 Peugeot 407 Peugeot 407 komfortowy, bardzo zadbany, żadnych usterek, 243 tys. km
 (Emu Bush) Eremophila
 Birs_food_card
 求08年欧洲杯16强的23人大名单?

--

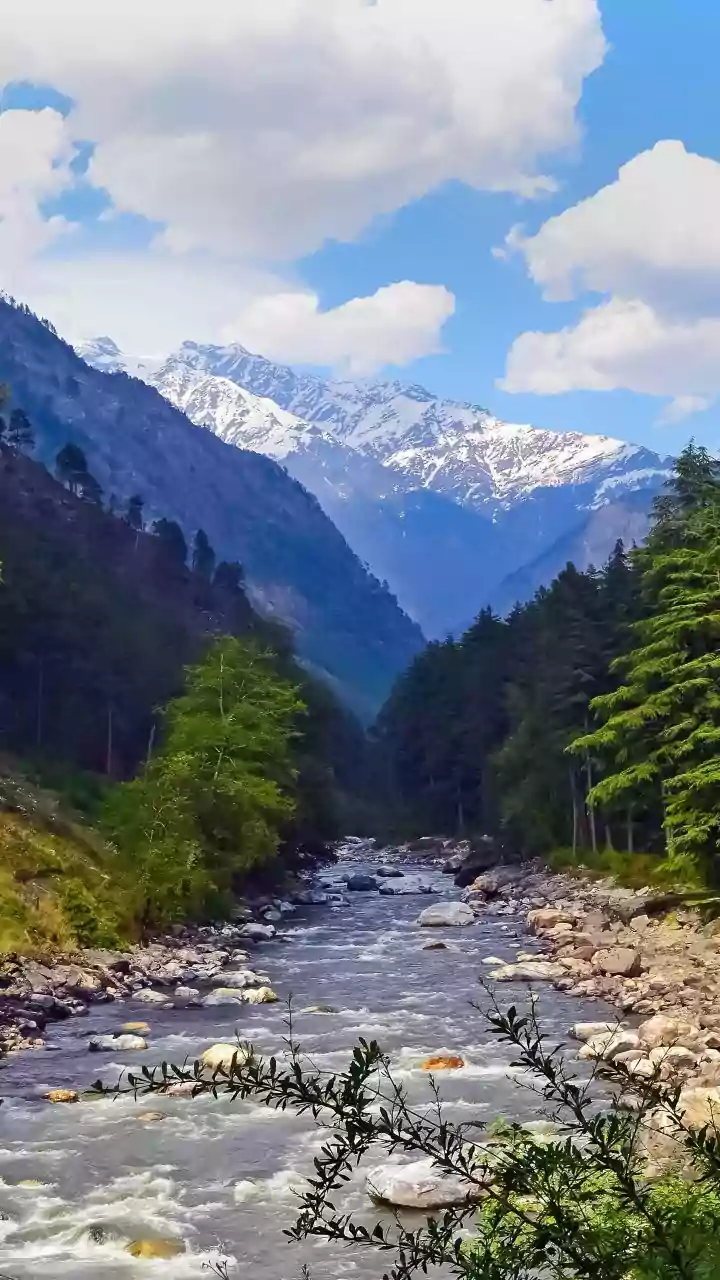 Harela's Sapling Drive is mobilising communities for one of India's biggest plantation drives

• How to complete this task: With the line holding "Peugeot 407 Peugeot" as the first and the line holding "求08年欧洲杯16强的23人大名单?" as the last, please transcribe exactly the lines of the material above in that range and nothing else.

• Reply:
 Peugeot 407 Peugeot 407 komfortowy, bardzo zadbany, żadnych usterek, 243 tys. km
 (Emu Bush) Eremophila
 Birs_food_card
 求08年欧洲杯16强的23人大名单?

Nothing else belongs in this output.